- TASK TO CARRY OUT:
Because the images are not wanted, restate every line below word for word without them.

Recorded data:

"""

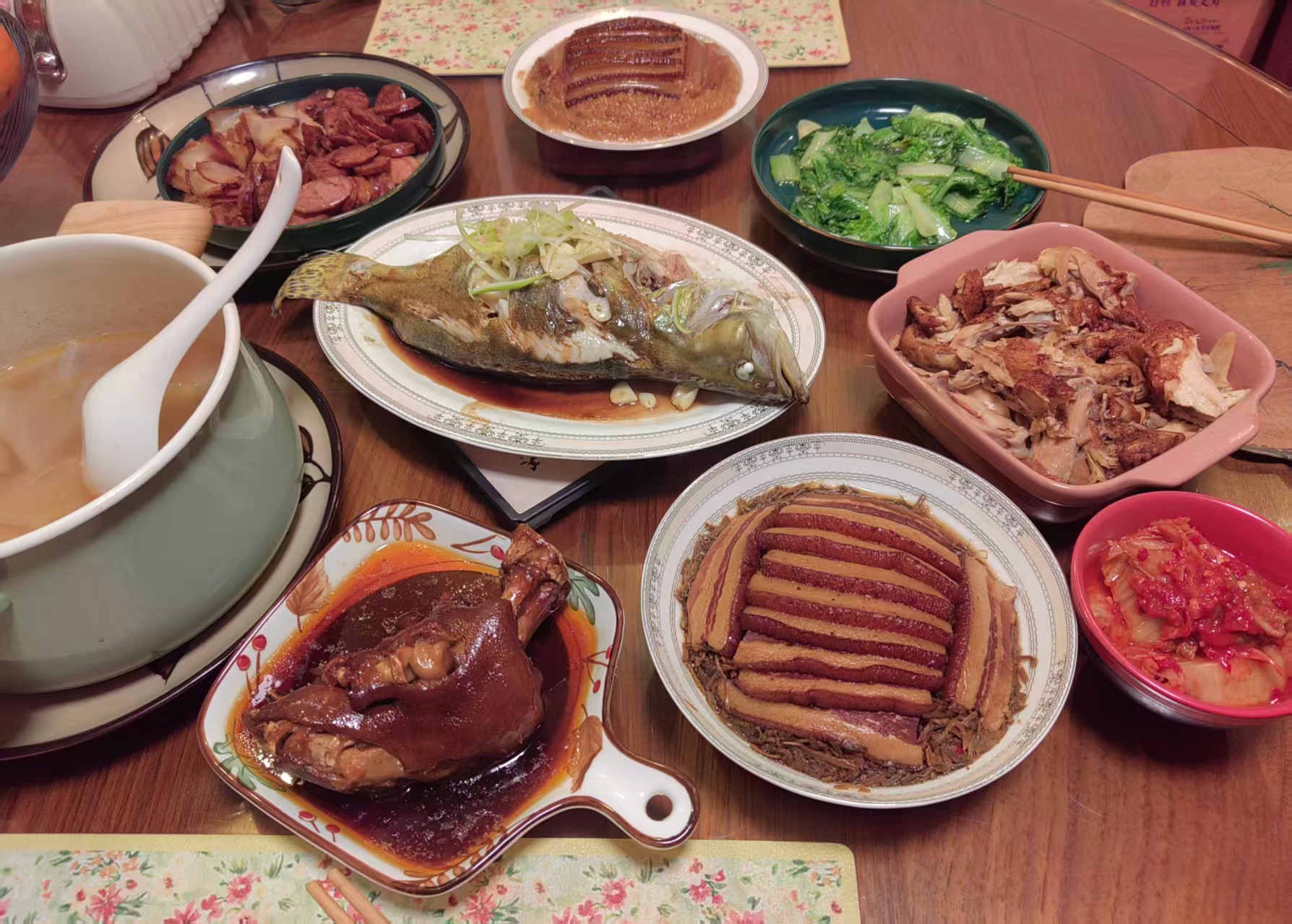 新春走基层｜春节，共赴一场“中式热闹”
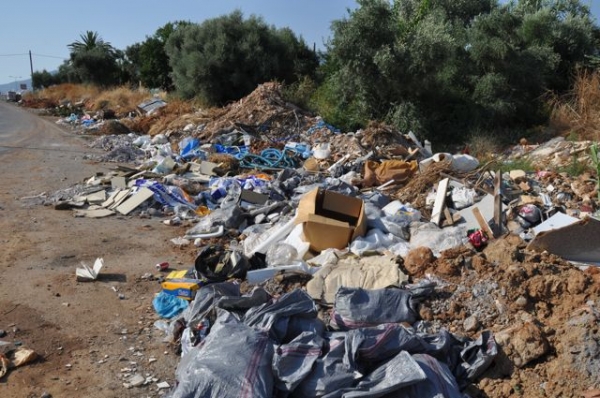 Το ΥΠΕΚΑ δείχνει Παλιοροβούνι για τα σκουπίδια 
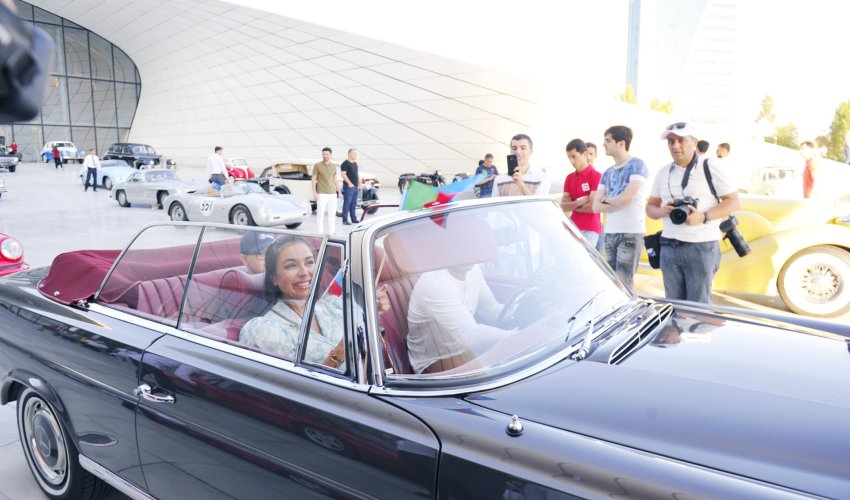 Vice President of Heydar Aliyev Foundation Leyla Aliyeva attends exhibition, parade of classic cars (PHOTO)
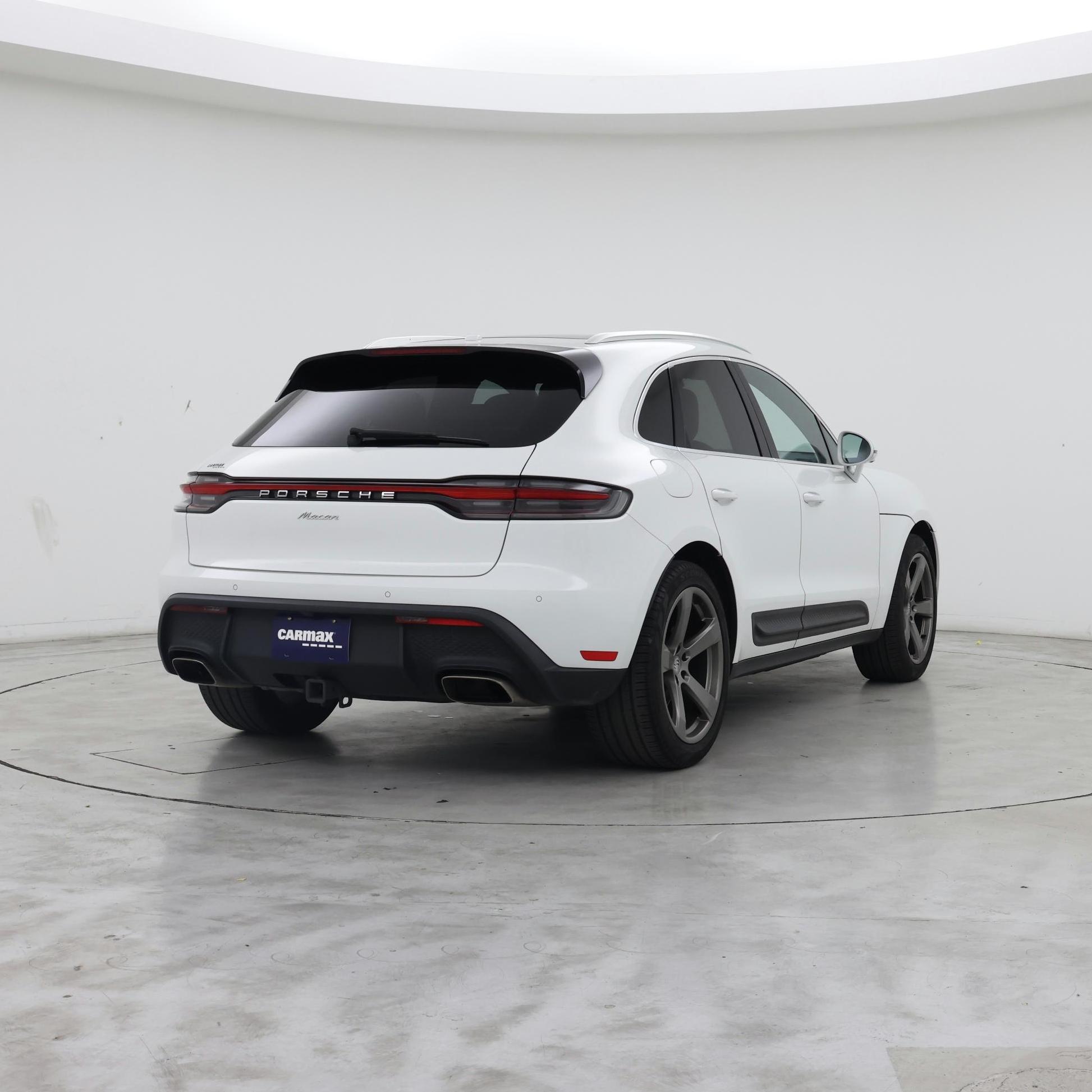Thumbnail: 2023 Porsche Macan - 8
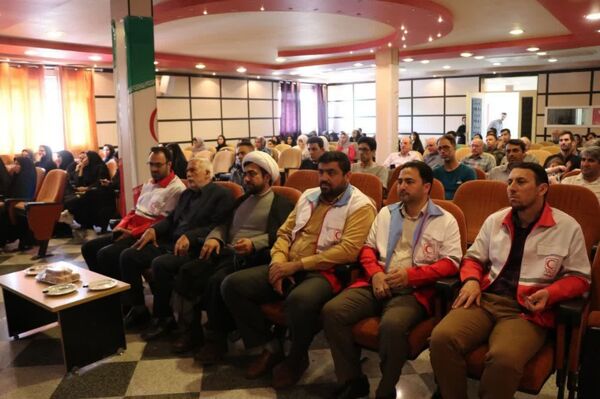 آئین اعزام تیم های درمان اضطراری جمعیت هلال احمر خراسان شمالی به کشور عراق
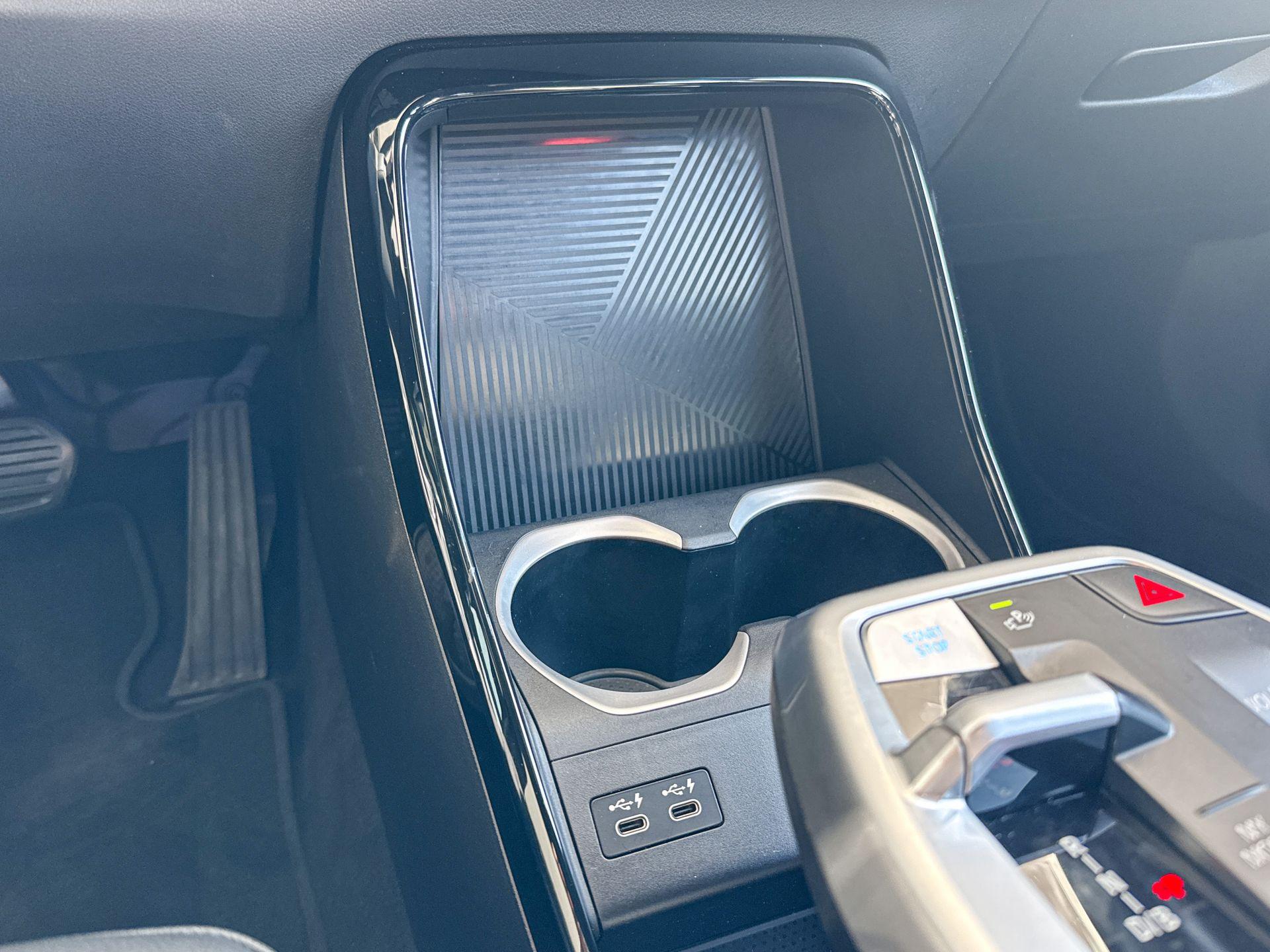 Foto van BMW Ix1 Xdrive30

"""

- WRITTEN REPLY:
 新春走基层｜春节，共赴一场“中式热闹”
 Το ΥΠΕΚΑ δείχνει Παλιοροβούνι για τα σκουπίδια 
 Vice President of Heydar Aliyev Foundation Leyla Aliyeva attends exhibition, parade of classic cars (PHOTO)
Thumbnail: 2023 Porsche Macan - 8
 آئین اعزام تیم های درمان اضطراری جمعیت هلال احمر خراسان شمالی به کشور عراق
 Foto van BMW Ix1 Xdrive30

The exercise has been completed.